== EXERCISE BRIEF ==
Copy out the full data exactly as given; pictures should not be included.

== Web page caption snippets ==
* * *

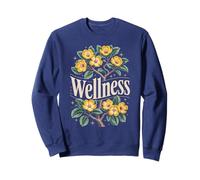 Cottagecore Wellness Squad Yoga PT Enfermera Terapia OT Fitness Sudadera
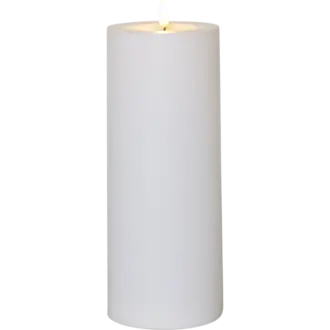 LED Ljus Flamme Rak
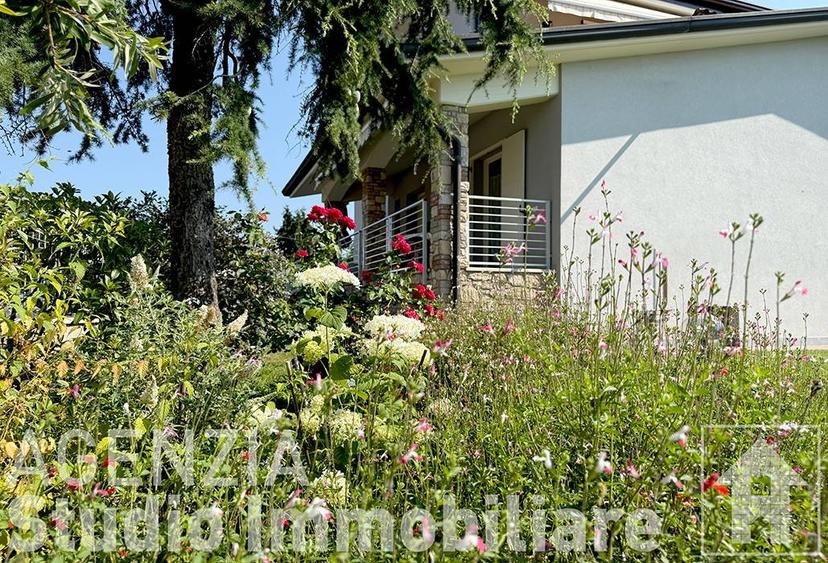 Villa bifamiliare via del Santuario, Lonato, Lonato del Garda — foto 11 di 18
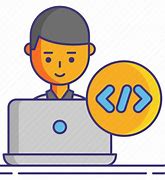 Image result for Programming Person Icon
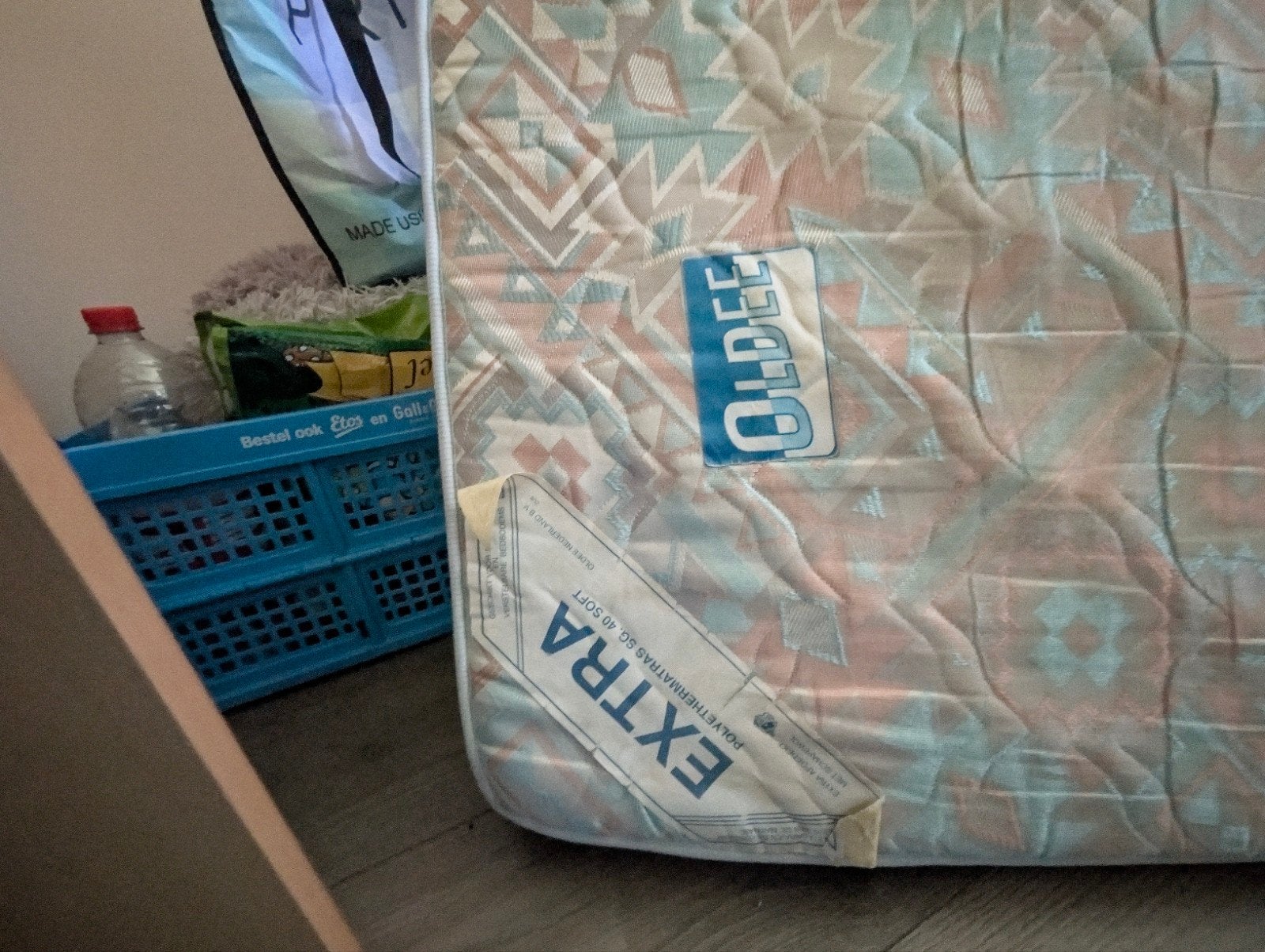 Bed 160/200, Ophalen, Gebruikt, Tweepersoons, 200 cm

* * *

== PROBLEM SOLUTION ==
 Cottagecore Wellness Squad Yoga PT Enfermera Terapia OT Fitness Sudadera
 LED Ljus Flamme Rak
 Villa bifamiliare via del Santuario, Lonato, Lonato del Garda — foto 11 di 18
 Image result for Programming Person Icon
 Bed 160/200, Ophalen, Gebruikt, Tweepersoons, 200 cm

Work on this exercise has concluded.